• _Material to process_
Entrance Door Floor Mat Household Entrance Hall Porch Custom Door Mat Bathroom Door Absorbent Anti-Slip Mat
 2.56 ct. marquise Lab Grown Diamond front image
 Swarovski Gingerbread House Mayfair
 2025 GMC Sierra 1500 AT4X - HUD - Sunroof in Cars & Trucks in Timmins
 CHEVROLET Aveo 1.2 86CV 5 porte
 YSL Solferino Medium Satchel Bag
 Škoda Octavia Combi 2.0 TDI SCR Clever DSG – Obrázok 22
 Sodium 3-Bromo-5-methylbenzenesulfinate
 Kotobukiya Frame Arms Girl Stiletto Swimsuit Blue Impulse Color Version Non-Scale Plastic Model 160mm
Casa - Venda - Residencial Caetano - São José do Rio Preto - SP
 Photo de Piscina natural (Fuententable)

• _About this task_
The full set of entries above should be given again exactly.

• _Solution for this task_
Entrance Door Floor Mat Household Entrance Hall Porch Custom Door Mat Bathroom Door Absorbent Anti-Slip Mat
 2.56 ct. marquise Lab Grown Diamond front image
 Swarovski Gingerbread House Mayfair
 2025 GMC Sierra 1500 AT4X - HUD - Sunroof in Cars & Trucks in Timmins
 CHEVROLET Aveo 1.2 86CV 5 porte
 YSL Solferino Medium Satchel Bag
 Škoda Octavia Combi 2.0 TDI SCR Clever DSG – Obrázok 22
 Sodium 3-Bromo-5-methylbenzenesulfinate
 Kotobukiya Frame Arms Girl Stiletto Swimsuit Blue Impulse Color Version Non-Scale Plastic Model 160mm
Casa - Venda - Residencial Caetano - São José do Rio Preto - SP
 Photo de Piscina natural (Fuententable)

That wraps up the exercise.